US 11,963,771 B2
	Automatic depression detection method based on audio-video
Jianhua Tao, Beijing (CN); Cong Cai, Beijing (CN); Bin Liu, Beijing (CN); and Mingyue Niu, Beijing (CN)
Assigned to INSTITUTE OF AUTOMATION, CHINESE ACADEMY OF SCIENCES, Beijing (CN)
Filed by INSTITUTE OF AUTOMATION, CHINESE ACADEMY OF SCIENCES, Beijing (CN)
Filed on Sep. 10, 2021, as Appl. No. 17/472,191.
Claims priority of application No. 202110188624.0 (CN), filed on Feb. 19, 2021.
Prior Publication US 2022/0265184 A1, Aug. 25, 2022
Int. Cl. A61B 5/16 (2006.01); A61B 5/00 (2006.01); G06F 18/25 (2023.01); G06N 3/044 (2023.01); G06N 3/045 (2023.01); G06N 3/048 (2023.01); G06N 3/08 (2023.01); G06T 7/00 (2017.01); G06V 10/80 (2022.01); G06V 20/40 (2022.01); G10L 25/30 (2013.01); G10L 25/57 (2013.01); G10L 25/63 (2013.01); G10L 25/66 (2013.01)
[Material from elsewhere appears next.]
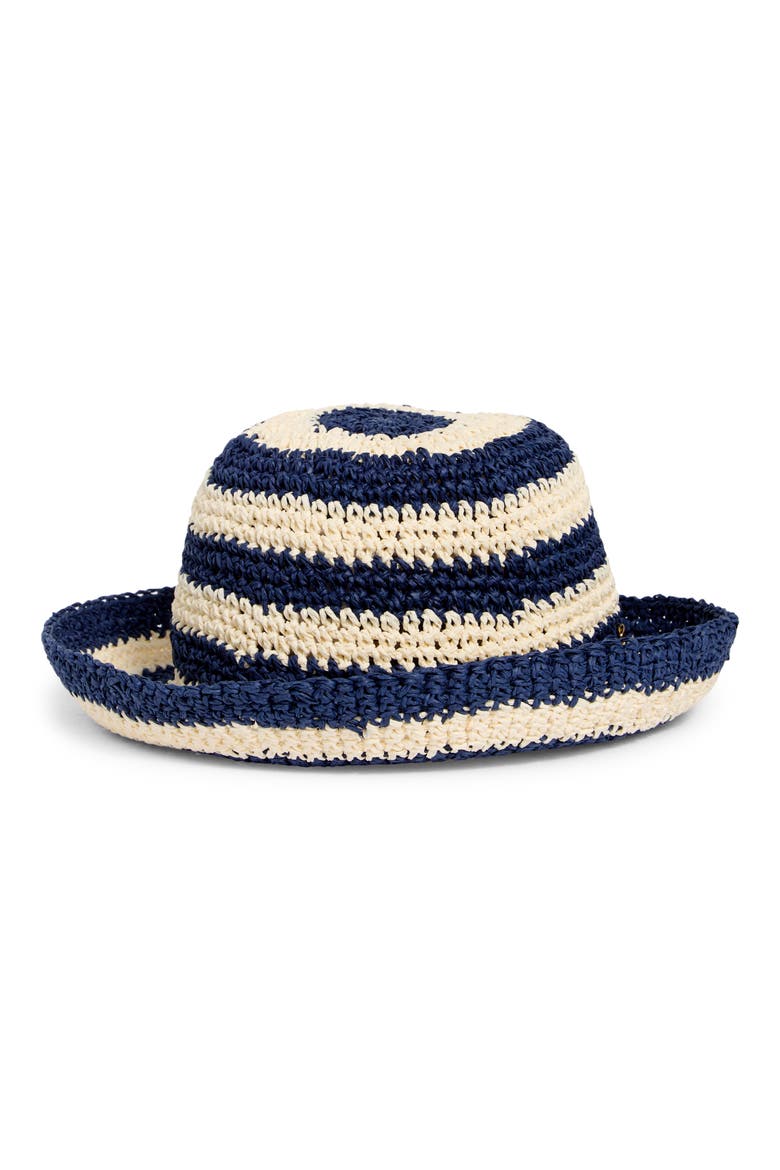 Awning Striped Straw Cloche, Alternate, color, CREAM/ FRENCH NAVY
CPC A61B 5/165 (2013.01) [A61B 5/4803 (2013.01); A61B 5/7275 (2013.01); G06F 18/253 (2023.01); G06N 3/08 (2013.01); G06T 7/0012 (2013.01); G06V 20/46 (2022.01); G06V 20/49 (2022.01); G10L 25/30 (2013.01); G10L 25/57 (2013.01); G10L 25/63 (2013.01); G10L 25/66 (2013.01); G06T 2207/10016 (2013.01)]

10 Claims

1. An automatic depression detection method using audio-video, characterized in that, the method comprises steps of:

S1, acquiring original data containing two modalities of long-term audio file and long-term video file from an audio-video file;

S2, sampling the long-term audio file at a certain sampling rate and dividing the long-term audio file into several audio segments, and meanwhile sampling the long-term video file at a certain sampling rate and dividing the long-term video file into a plurality of video segments;

S3, inputting each audio segment into an audio feature extraction network to obtain in-depth audio features, the audio feature extraction network comprising an expanded convolution layer and a time sequence pooling layer;

wherein inputting each audio segment into an audio feature extraction network to obtain in-depth audio features comprises: performing, firstly, convolution expanding on an input audio by three times, wherein a quantity of convolution kernels is set to 256, a size of convolution kernel is set to 2, an expansion rate is set to 2, a quantity of convolution layers is set to 4, a quantity of input channels is 1, a quantity of output channels is 256, and a data length is of 256; then, performing down-sampling through the time sequence pooling layer, wherein a quantity of channels and a data length are set to 128, respectively, so that the in-deep audio features contain time sequence dynamic information; and

inputting each video segment into a video feature extraction network to obtain in-depth video features, the video feature extraction network comprising a 3D convolution layer and a bidirectional long short-term memory network module;

wherein inputting each video segment into a video feature extraction network to obtain in-depth video features comprises: performing, firstly, 3D convolution on an input video frame, wherein a quantity of convolution kernels is set to 8, a size of convolution kernel is set to 3×3×3, and a step length is set to (2, 2, 2); then, inputting an output of the 3D convolution layer to the bidirectional long short-term memory network having a quantity of 64 output nodes to capture a time sequence representation of the video;

S4, calculating the in-depth audio features and the in-depth video features by using multi-head attention mechanism so as to obtain attention audio features and attention video features;

S5, aggregating the attention audio features and the attention video features into audio-video features through a feature aggregation model; and

S6, inputting the audio-video features into a decision network to predict a depression level of an individual in the audio-video file.